Sex-segregated schools sound like a answer looking for a problem to solve.
Having the option of single sex schools is not a bad idea, but forcing kids into them is nuts. Some children do better in single sex environments while many don't.

beatroot said...

You are right about this nonsense of ‘student centred’. What should be a teaching strategy to ‘make students think for themselves’ really turns, as you say, into ‘anything goes’. And teachers always did collude in the ‘cheating’ that was and is rife. So how can a student respect those people? But this problem is wider than the school and reflects something about the society it takes place in. But things are much worse in the UK.

roman said...

I can relate to ig da geez's comments about private educational institutions. One caveat, however, needs to be mentioned. Sure, parochial (Catholic) schools have produced an overall better quality of education but remember that the student's parents are most likely already heavily invested in the care of their young. This is evident by the fact that they are spending more money and as such we can deduce that a larger measure of import is being assigned to this responsibility.
As such, it is more than likely that these parents are more heavily involved and motivated in making sure their offspring's upbringing is more intensively guided both in school AND AT HOME. With the current pressures of sustaining the new and popular dual income lifestyle, this guidance may be taking a back seat more and more often and thus even private education is no longer a guarantee of success. There is no substitute for parental involvement at every stage of a child's apbringing.

polishpenguin said...

Michal Farris,

"4) The mass import of brainless violent US media to a population that's conditioned to regard _anything_ from the US as instructional material was not a good idea. Poles are conformists to the core and if they come to think that violent idiotic behavior is the norm, many will try to comply."
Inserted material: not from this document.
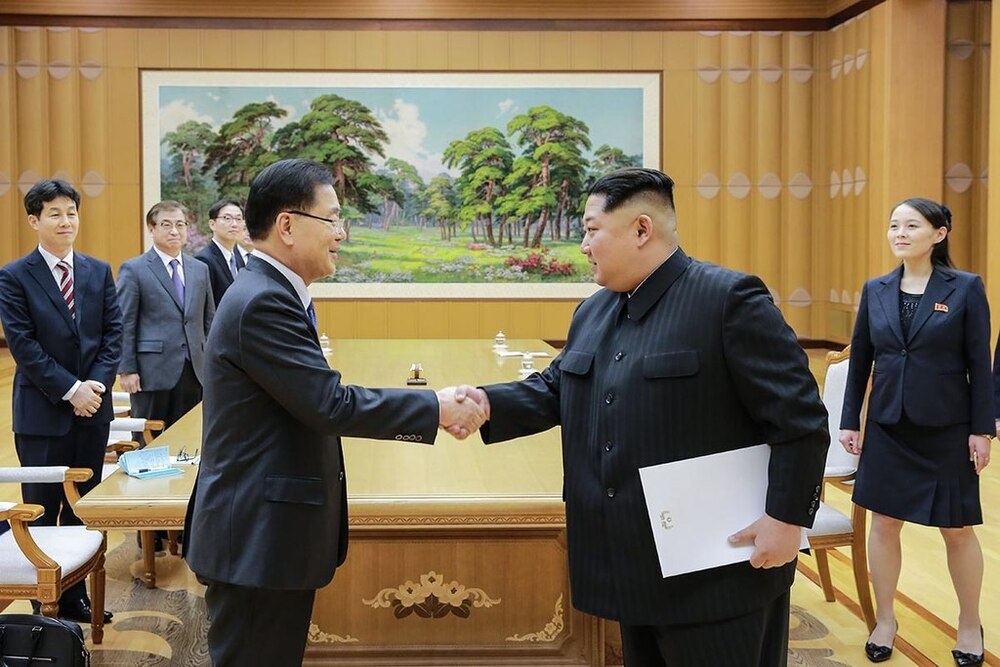 時任南韓國安室長鄭義溶（左）與金正恩（右）會面。（圖片取自青瓦台官網）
I disagree with media causing violent behavior. There's countless teens that have played war games and have seen violent movies, but haven't gone out on the streets and have do that such of thing. Why? Because they know what is right and what is wrong. And that goes back to parenting. Violence has been in the media since the 40s and 50s, how about those John Wayne westerns?

US media is very dubbed down compared to Europe. There's much less sex and violence in US media than in Europe's media.

beatroot said...

Roman’s right: the educational success of faith schools (Catholic schools have always did better in UK) is not because of the ‘faith’ but other broader sociological factors. They tend to be middle class schools. Middle class schools do better than working class schools.

And penquin is right about the media. Pictures, games, words do not cause behaviour. Those games, pictures, words have to be received and processed by a human brain before they have any meaning. And the way people react to those images depends on the individual. When black kids hear some Jamaican MC go on about ‘kill all batty boys (gays)’ why don’t all his fans go out and kill gays? Words by themselves like that have no power at all. So the behaviour is caused by the person, and they are completely responsible. Humans are not attack dogs waiting to get let off the leash.

ig da geez said...

BR wrote: So it’s no wonder kids are going off the rails. We have to decide what it is we are meant to respect. And we don’t.

>>> This cuts to the quick of it.

With everything imaginable up for ridicule (freedom, freedom), nothing's left sacred. All that's left is individual gratification.

ig da geez said...

Not all parochial schools are middle class, at least not in the US. But those below the middle class line, I'd say, still do better than their equivalent public school counterparts. This may not be simply or strictly a matter of "faith" but that's the backbone of it. And it has a lot to do with the cultural or faith-based expectations placed upon students by school teachers and administrators -- which need to be backed up by parents and is for the most part because they made a conscious choice to send their kids to be educated in such a disciplined environment.

beatroot said...

They are middle class in UK because most catholics are middle class in UK. Most of the schools are girl's schools as well. Girls do fine in signle sexed schools, boys do worse.